-------- Stored data --------

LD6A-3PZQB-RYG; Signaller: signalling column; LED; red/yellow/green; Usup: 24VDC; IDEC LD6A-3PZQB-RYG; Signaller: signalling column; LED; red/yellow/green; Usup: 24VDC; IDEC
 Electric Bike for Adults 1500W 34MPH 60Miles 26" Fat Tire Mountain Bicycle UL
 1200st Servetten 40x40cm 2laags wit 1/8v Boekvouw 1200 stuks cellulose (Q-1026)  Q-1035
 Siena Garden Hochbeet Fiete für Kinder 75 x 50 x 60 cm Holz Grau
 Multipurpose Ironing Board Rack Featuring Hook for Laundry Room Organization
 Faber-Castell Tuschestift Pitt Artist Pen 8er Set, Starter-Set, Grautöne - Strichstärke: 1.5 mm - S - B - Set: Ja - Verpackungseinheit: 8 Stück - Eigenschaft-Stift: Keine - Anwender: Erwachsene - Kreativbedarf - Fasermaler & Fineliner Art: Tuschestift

--------

## Assignment
The answer should consist solely of the lines from the first line above through the one with "Multipurpose Ironing Board", both included, repeated exactly.

## Exercise output
LD6A-3PZQB-RYG; Signaller: signalling column; LED; red/yellow/green; Usup: 24VDC; IDEC LD6A-3PZQB-RYG; Signaller: signalling column; LED; red/yellow/green; Usup: 24VDC; IDEC
 Electric Bike for Adults 1500W 34MPH 60Miles 26" Fat Tire Mountain Bicycle UL
 1200st Servetten 40x40cm 2laags wit 1/8v Boekvouw 1200 stuks cellulose (Q-1026)  Q-1035
 Siena Garden Hochbeet Fiete für Kinder 75 x 50 x 60 cm Holz Grau
 Multipurpose Ironing Board Rack Featuring Hook for Laundry Room Organization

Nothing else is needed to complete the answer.